Helmy Bahgat Badawi


Helmy Bahgat Badawi was an international arbitrator and a civil law authority who also served as the Minister of Commerce and Industry in Egypt and later as the chairman of the Suez Canal Authority, both in the 1950s.

Academic career

In 1925, Helmy Bahgat Badawi obtained his Law License degree from the Egyptian University in Cairo, Egypt, and in the following year he joined the Paris-Sorbonne University where he commenced his research work in the field of Commercial law. His doctorate thesis titled La responsabilité du commettant earned him his Doctorate degree in 1929 from the same University. Upon his return to Egypt, he was appointed Professor of Civil Law at Cairo University, Egypt, where he served for several years.

Post-academic career

In the mid-1930s Dr. Badawi was appointed Judge in the Egyptian Court on Issues of Government leading to a subsequent term as Judge at the Egyptian Mixed Tribunals Court. In the early part of the 1940s Dr. Badawi became involved in the banking arena where he held managerial positions at the Credit Foncier Franco-Egyptien.
From the mid-1940s until the time he was appointed Chief of the Suez Canal Authority, Dr. Badawi held several key Egyptian government positions, including: Chief Counselor and Negotiator at numerous International conferences in San Francisco, New York, Paris and Geneva, Minister of Commerce and Industry in the Mohamed Naguib Government from 1952 to 1954, and head of the Egyptian delegation to the UN general assembly in 1953 and 1956. In 1955 he also served as an international arbitrator on the tanker dispute between Saudi Arabia and the Arabian American Oil Company.

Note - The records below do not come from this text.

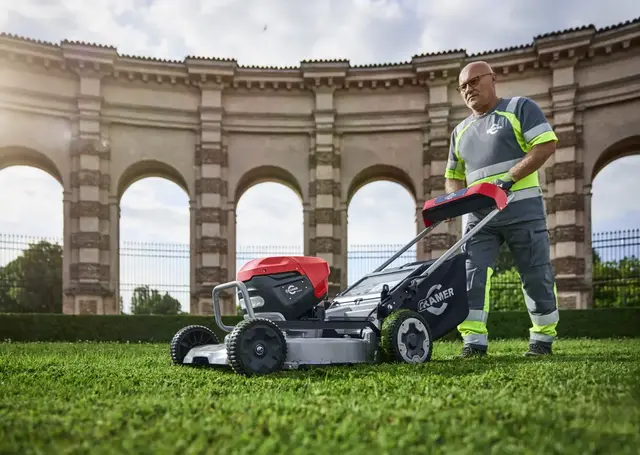 Cramer Optimus ATM53A gressklipper med batterier og lader 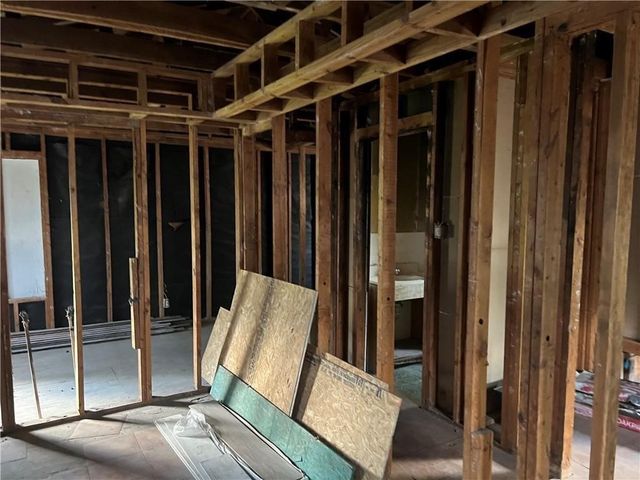 816 Mesquite St, Robstown, TX 78380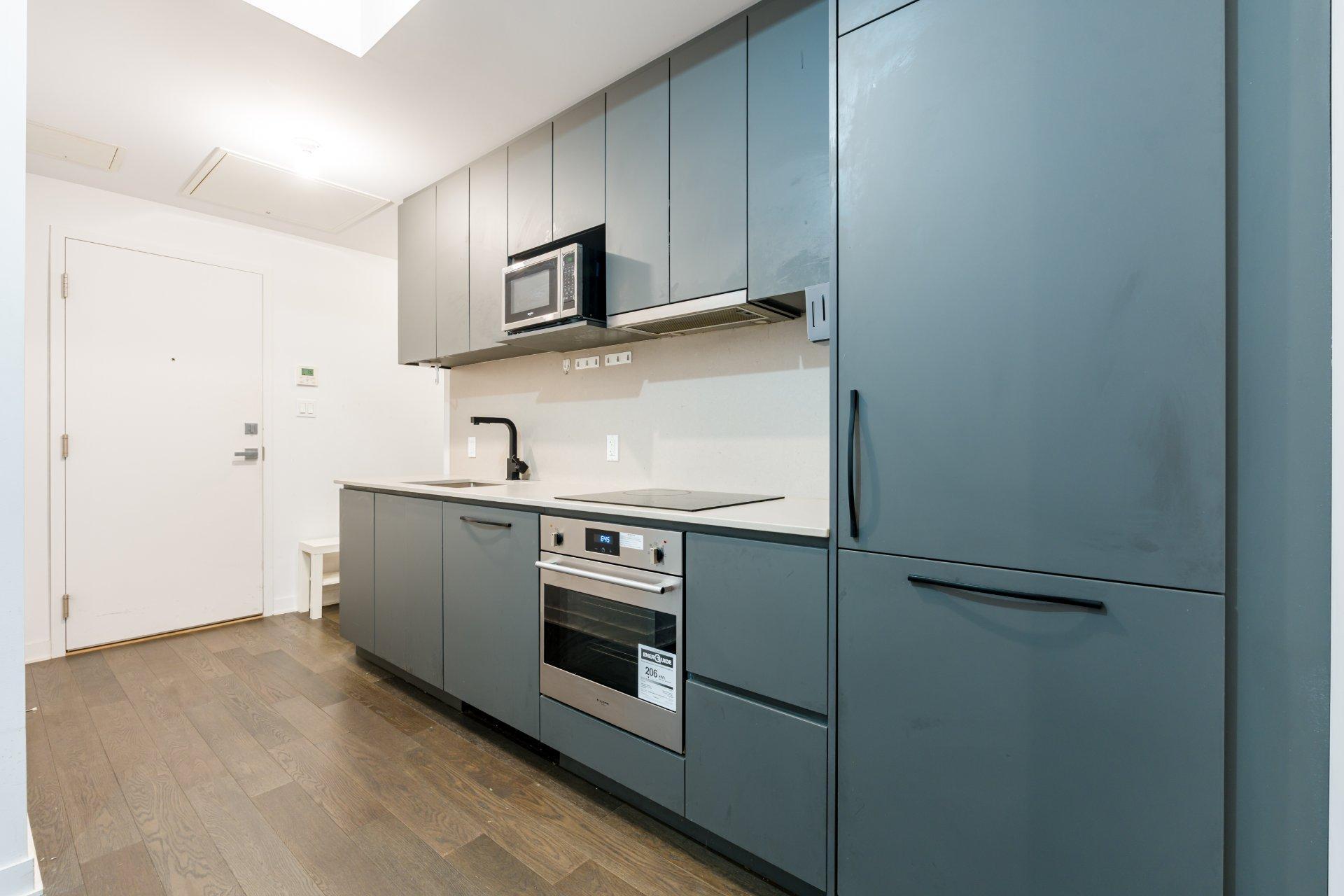 









1160


Rue MacKay

, 209,
Montréal (Ville-Marie),




QC
H3G0G8


Suez Canal Authority career

Dr. Badawi was the chief architect of Egypt's nationalization of the Suez Canal Company. From 1954 until the nationalization of the old Suez Canal Company, he served as a member of the Board of Directors of that company. On 26 July 1956, following the nationalization of the old Suez Canal Company, Dr. Badawi was appointed by Gamal Abdel Nasser as the first Chairman of the newly formed Suez Canal Authority where he served until his death on 4 March 1957.